Current Journal of Applied Science and Technology

Carrier phase measurements are much more precise than pseudorange measurements and can be used to achieve very accurate positioning solutions. However, carrier phase measurements require resolution of integer ambiguities before precise positioning can be achieved. The GPS receiver can keep track of the integer number of cycles as long as the receiver maintains lock to the satellite signal. However, in reality, the GPS signal could be interrupted momentary by some disturbing factors leading to a discontinuity of an integer number of cycles in the measured carrier phase. This interruption in the counting of cycles in the carrier phase measurements is known as a cycle slip.

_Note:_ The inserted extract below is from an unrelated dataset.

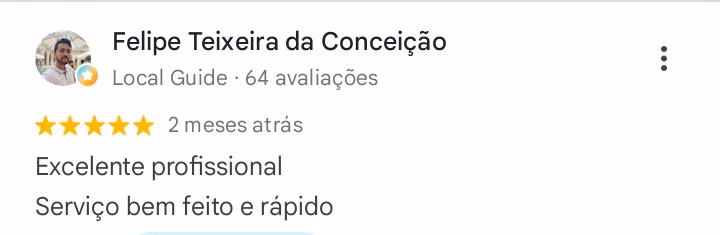 Print da avaliação de Felipe Teixeira da Conceição no Google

When a cycle slip occurs, the Doppler counter would restart causing a jump in the instantaneous accumulated phase by an integer number of cycles. Thus, the integer counter is reinitialized meaning that ambiguities are unknown again. In this event, either the ambiguities need to be resolved again or cycle slips need to be corrected to resume the precise positioning/navigation process. These cycle slips can, to some extent, be detected and fixed to avoid delay and computation complexity attributed to integer ambiguity resolution. Researchers have been addressing the problem of cycle slip detection and correction for the last two decades. This paper provides a detailed survey for available techniques to tackle the problem showing their pros and cons.